Pilots, in Their Own Words
- By J.R. Dailey
- Air & Space magazine, August 2013
"Viewport," by National Air and Space Museum director J.R. Dailey, opens each issue of Air & Space magazine. The column highlights the Museum's ongoing efforts to preserve the history of aviation and spaceflight. This article appeared in the August issue.
The Vought F7U Cutlass has been called cantankerous—and a lot worse. In this issue, you’ll read about the pilots who flew it, or tried to. In May 2011, we were lucky enough to have one of those pilots address an audience at the National Air and Space Museum. Nine-victory World War II ace Admiral Edward L. “Whitey” Feightner, delivering the Museum’s annual Charles A. Lindbergh Lecture, told us about his experiences in the Cutlass and in other aircraft he flew, including the Grumman F6F Hellcat. If you’re a subscriber to this magazine, you can watch a short clip from that talk on your iPad as you read the Cutlass article: Air & Space/Smithsonian is now available on the iPad, with all the stories and photographs in the print edition plus extras, like this short video of Whitey Feightner’s talk as well as a video of the Cutlass landing on an aircraft carrier.
Seeing video of a Cutlass in action is a rare experience; nowhere today can you see an F7U fly. But sometimes there’s no substitute for seeing the real thing, and after reading the photo essay on the legends of air racing (p. 18), race fans will want to visit the Museum’s Steven F. Udvar-Hazy Center in northern Virginia to see Darryl Greenamyer’s Grumman F8F-2 Bearcat, Conquest I. Coming at the end of World War II, the Bearcat was the top performer in the series of 1940s-era Grumman ’cats. Able to climb to 10,000 feet in just over 90 seconds, the F8F would have been an excellent fleet defender, but victory was achieved before the Bearcats entered operation.
Greenamyer’s Bearcat used the same type of engine, a Pratt & Whitney R-2800 Double Wasp, that powered the fighters in the 1940s, but his race team worked on it to get an additional 850 horsepower. That made him hard to beat.

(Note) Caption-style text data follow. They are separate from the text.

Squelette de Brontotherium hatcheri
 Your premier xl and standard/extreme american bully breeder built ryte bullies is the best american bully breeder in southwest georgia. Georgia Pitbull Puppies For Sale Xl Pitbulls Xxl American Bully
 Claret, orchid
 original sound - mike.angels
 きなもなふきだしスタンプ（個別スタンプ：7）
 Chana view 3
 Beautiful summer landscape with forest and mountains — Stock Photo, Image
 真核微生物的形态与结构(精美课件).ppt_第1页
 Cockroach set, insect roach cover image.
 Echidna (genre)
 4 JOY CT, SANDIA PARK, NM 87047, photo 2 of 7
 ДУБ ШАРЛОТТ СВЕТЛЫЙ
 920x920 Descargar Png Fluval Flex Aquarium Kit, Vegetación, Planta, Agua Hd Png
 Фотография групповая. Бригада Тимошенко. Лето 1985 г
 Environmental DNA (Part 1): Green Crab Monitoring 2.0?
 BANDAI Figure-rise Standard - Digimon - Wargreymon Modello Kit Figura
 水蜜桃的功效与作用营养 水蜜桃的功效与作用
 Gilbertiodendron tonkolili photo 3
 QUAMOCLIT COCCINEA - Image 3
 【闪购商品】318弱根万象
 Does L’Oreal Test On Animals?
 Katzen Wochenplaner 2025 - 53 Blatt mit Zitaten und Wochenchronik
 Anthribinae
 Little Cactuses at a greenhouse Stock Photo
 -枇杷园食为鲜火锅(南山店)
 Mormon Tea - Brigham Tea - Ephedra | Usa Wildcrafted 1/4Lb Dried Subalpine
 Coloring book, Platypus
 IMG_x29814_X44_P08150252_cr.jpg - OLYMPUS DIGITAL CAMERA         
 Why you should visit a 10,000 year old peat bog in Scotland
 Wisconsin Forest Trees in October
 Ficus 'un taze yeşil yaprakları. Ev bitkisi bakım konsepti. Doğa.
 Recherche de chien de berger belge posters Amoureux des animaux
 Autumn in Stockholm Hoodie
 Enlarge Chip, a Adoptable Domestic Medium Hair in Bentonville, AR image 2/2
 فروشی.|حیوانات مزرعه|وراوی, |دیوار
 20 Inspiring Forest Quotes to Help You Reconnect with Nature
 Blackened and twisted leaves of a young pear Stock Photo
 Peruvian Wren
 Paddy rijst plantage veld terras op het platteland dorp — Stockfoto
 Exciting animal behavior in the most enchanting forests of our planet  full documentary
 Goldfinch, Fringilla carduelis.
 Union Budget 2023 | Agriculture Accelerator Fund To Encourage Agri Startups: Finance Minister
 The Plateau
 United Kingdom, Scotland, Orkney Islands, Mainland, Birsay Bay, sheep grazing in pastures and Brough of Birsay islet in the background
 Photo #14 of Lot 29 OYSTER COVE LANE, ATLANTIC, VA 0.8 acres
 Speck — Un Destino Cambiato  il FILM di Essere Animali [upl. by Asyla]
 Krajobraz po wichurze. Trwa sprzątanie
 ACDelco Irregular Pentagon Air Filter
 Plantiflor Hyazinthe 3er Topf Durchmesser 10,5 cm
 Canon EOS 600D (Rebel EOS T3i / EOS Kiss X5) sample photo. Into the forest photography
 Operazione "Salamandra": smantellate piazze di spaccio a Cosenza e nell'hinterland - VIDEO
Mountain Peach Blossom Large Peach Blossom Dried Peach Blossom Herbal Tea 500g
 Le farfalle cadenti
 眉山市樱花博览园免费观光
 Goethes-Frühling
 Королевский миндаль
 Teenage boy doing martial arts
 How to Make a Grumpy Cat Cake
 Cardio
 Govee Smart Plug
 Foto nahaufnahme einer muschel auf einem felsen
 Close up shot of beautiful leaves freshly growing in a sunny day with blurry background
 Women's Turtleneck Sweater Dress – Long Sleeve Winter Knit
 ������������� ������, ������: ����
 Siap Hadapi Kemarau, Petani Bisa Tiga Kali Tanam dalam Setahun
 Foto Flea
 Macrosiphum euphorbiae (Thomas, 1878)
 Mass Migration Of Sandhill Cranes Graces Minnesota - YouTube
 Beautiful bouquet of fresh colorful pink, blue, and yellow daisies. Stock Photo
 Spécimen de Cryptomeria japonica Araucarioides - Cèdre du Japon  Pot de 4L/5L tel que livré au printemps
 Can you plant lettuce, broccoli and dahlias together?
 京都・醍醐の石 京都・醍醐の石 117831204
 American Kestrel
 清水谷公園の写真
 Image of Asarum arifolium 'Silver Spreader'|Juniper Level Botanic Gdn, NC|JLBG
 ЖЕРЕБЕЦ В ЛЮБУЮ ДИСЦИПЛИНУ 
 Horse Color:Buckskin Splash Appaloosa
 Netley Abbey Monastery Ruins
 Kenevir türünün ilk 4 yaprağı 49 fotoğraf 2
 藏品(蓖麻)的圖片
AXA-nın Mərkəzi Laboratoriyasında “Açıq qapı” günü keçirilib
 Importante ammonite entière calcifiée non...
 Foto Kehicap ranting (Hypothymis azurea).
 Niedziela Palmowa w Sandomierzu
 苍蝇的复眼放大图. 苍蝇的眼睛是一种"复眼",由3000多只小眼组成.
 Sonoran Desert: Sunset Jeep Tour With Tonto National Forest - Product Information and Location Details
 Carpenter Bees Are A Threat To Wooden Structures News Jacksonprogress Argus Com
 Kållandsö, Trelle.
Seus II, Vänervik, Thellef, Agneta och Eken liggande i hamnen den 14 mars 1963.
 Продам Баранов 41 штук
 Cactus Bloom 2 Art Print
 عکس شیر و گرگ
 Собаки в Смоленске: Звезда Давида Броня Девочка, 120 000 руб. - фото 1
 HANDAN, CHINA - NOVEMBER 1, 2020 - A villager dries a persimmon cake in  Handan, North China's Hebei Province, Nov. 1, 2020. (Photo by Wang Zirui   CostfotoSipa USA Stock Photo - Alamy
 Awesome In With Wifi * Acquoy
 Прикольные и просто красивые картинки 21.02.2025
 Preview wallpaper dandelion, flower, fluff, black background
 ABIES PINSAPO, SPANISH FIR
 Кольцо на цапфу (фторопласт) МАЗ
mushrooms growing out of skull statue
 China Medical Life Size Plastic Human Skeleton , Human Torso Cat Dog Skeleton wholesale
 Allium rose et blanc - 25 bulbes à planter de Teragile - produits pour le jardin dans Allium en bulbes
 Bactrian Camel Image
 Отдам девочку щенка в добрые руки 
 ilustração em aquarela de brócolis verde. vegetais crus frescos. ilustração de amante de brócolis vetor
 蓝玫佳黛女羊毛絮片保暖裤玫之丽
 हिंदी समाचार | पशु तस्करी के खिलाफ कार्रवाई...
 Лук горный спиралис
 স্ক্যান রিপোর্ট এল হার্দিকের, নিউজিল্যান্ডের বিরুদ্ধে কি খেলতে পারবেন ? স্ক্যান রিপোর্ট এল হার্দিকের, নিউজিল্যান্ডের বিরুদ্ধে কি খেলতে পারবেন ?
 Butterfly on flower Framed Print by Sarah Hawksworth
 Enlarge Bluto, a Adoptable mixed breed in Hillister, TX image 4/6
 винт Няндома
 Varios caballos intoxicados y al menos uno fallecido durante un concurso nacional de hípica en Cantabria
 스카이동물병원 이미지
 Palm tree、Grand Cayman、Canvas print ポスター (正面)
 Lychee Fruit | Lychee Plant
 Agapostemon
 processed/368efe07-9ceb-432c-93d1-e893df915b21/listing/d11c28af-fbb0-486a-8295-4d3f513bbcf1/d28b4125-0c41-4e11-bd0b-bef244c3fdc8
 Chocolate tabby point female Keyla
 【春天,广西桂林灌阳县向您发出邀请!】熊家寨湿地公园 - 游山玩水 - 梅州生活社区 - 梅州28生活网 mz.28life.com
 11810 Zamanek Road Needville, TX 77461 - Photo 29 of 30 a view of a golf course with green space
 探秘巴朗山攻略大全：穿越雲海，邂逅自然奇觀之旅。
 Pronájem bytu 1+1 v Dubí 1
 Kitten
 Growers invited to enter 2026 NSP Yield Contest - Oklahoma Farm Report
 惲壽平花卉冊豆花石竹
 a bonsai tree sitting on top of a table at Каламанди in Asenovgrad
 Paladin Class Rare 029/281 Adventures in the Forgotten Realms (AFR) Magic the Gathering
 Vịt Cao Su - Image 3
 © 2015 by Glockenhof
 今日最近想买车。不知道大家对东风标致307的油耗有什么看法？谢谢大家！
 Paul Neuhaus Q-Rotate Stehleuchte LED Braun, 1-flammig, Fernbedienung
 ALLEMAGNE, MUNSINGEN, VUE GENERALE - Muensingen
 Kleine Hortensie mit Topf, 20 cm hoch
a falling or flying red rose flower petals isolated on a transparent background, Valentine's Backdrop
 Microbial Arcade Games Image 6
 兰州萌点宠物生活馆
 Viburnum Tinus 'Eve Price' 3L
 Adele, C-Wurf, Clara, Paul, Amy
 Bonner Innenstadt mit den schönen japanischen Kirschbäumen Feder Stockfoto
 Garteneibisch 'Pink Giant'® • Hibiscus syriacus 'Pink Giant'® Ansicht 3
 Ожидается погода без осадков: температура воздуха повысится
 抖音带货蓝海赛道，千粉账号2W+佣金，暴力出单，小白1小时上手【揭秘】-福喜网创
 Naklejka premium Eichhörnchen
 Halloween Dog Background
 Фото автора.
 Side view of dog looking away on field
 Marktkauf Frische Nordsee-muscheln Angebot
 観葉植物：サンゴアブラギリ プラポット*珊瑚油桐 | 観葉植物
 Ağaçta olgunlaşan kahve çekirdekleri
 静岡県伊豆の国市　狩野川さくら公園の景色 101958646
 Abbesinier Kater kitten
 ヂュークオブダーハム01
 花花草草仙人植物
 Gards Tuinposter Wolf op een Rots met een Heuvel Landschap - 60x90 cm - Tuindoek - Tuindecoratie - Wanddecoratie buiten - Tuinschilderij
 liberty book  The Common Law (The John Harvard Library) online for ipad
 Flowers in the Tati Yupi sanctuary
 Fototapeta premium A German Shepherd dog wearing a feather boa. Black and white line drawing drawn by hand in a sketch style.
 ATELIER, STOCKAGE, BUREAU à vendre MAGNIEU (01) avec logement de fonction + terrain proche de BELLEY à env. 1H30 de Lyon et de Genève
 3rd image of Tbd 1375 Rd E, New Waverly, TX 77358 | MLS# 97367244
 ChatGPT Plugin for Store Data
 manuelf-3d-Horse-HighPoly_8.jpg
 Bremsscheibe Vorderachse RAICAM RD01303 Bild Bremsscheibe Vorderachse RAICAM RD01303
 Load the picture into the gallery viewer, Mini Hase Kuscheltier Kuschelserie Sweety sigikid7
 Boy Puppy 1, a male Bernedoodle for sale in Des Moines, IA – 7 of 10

In the Museum, just a few steps from Conquest I is another raceplane mentioned in the photo essay. Nemesis revolutionized Formula One Racing, a category known for promoting innovation. All Formula One racers have 100-horsepower Continental engines; whether one flies faster than another comes down to the airframe. Nemesis is the first racer to be built of carbon-reinforced plastics and the first to use a custom-designed natural laminar-flow wing. It flew 290 mph; its follow-on, NemesisNXT, is the first kit-built aircraft to fly faster than 400 mph.
Two racing pilots you’ll read about in this issue will come to the National Air and Space Museum this fall to talk about the airplanes they’ve raced at Reno: Steve Hinton, the current safety and pace-plane pilot at the National Championship Air Races, who twice won the Gold Unlimited race, and his son, Steven, also an air racing champion. A future digital edition of Air & Space may bring you a short clip from their presentation. Visit the Museum’s Web site airandspace.si.edu to see the full programs that we’ve hosted over the past few years—Feightner’s lecture, “Memoirs from an Aviator’s Logbook”; recollections from the crew of Apollo 13; a description of the Voyager spacecraft journeys by chief scientist Edward Stone; and this fall, “Air Racing Champions: It Runs in the Family.”